People above this threshold – like most Canadians and others in the developed world, are taken as having already realized their right to develop – and thus they must share the burden, not only for reducing their own countries’ emissions, but playing a meaningful role in reducing the emissions in others who can not otherwise afford it.

This is exactly what the UNFCC’s principle of “common but differentiated responsibility and respective capabilities” means in practice.

The GDR have actually developed mathematical projections of just how much of the global emission reduction burden various countries and others share – the US, not surprisingly, has about 1/3 of the global burden, the EU about 1/4 and China about 8%..

Assuming the political will on the part of the more developed countries – including Canada – to take on their rightful responsibilities under this kind of formulation, what kind of Climate regime do we need, especially in the South?

1. Ensure mitigation consistent with emergency climate stabilization program globally
2. Enable the depth and extent of adaptation inevitably needed
3. Safeguard the right to develop to a healthy lifestyle

As part of this examination of the burden from North to South, we also need to confront the exportation of dirty industries – and their emissions - to developing countries, and we must ask who should bear the responsibility for reducing the emissions associated with production when well-off “First Worlders” buy cheaper products produced overseas in environmentally destructive manner?

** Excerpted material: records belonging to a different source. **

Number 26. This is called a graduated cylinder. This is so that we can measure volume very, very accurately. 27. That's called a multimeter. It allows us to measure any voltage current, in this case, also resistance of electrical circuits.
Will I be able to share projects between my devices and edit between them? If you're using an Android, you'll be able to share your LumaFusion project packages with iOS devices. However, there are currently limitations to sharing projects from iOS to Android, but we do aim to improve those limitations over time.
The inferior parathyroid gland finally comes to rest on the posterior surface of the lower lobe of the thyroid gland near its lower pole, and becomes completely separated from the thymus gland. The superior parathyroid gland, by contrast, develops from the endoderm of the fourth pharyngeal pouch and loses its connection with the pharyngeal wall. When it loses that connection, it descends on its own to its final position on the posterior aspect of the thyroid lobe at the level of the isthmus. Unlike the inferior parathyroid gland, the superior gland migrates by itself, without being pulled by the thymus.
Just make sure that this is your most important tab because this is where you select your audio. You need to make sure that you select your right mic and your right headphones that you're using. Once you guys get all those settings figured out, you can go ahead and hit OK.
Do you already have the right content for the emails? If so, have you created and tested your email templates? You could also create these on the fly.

How does our Green principle of true cost pricing apply here, when we are trying to truly incorporate the cost of global health? And how do issues of social justice in trade get included? For example, do we help to fund cleaner production processes in export-dependent Southern countries, in order to preserve jobs there? Or is it better to “re-localize” production in Northern counties, cutting down on transport and keeping the investment in more environmental technology closer to home?

Lastly, we need to incorporate the fact that in 2050 our world will be a different place because of our rapid change in development, the climate, economies, power and state of the environment. Forecasting the targets and making these assumptions is building on a source of uncertainty – yet one that we cannot avoid.

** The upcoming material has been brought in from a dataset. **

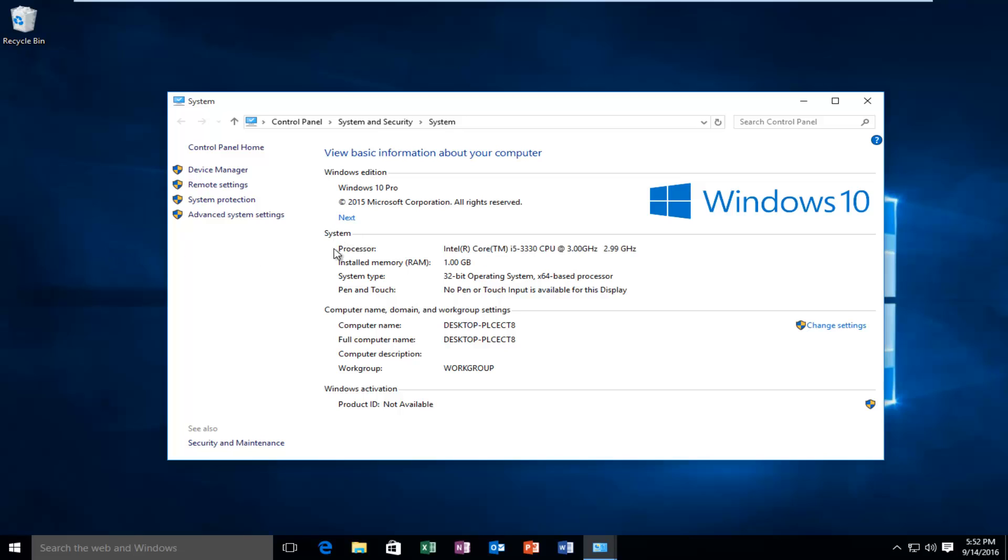So right underneath system, we'll see system type. It says 32-bit operating system times 64-bit processor.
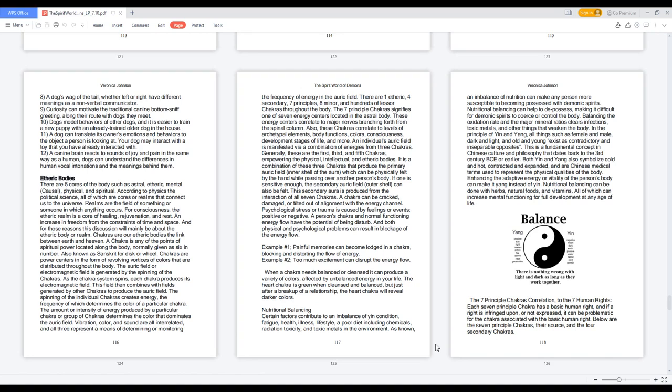In the principle of yin and yang, all things such as female and male, dark and light, and old and young exist as contradictory and inseparable opposites. This is a fundamental concept in Chinese culture and philosophy that dates back to the 3rd century BCE or earlier. Both yin and yang also symbolize cold and hot, contracted and expanded, and are Chinese medical terms used to represent the physical qualities of the body. Enhancing the adaptive energy or vitality of the person's body can make it yang instead of yin.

Speaking of another climate change uncertainty, panelist Mohamed Adow from Kenya concluded with a very clear and unique statement. “You will never know which cut will bring down the tree, so every cut counts for everything.” In our interconnected world, we need to stop cutting the tree, from all angles.

And speaking of trees, another concept being discussed by the North and South is trying to keep the carbon stored in the forests from being released, there has been specific discussion concerning the reduction of emissions from Deforestation in Developing Countries - REDD (unfccc.int/resource/docs/2007/smsn/ngo/007.pdf). According to ForestEthics Canada, British Columbia alone can store 18 billion tones of carbon, yet annual logging releases 51.6 million tones of CO2, more than half that released by all light-duty cars, trucks and motorcycles every year in Canada (96 million tones). So let’s start by cutting the logging here at home!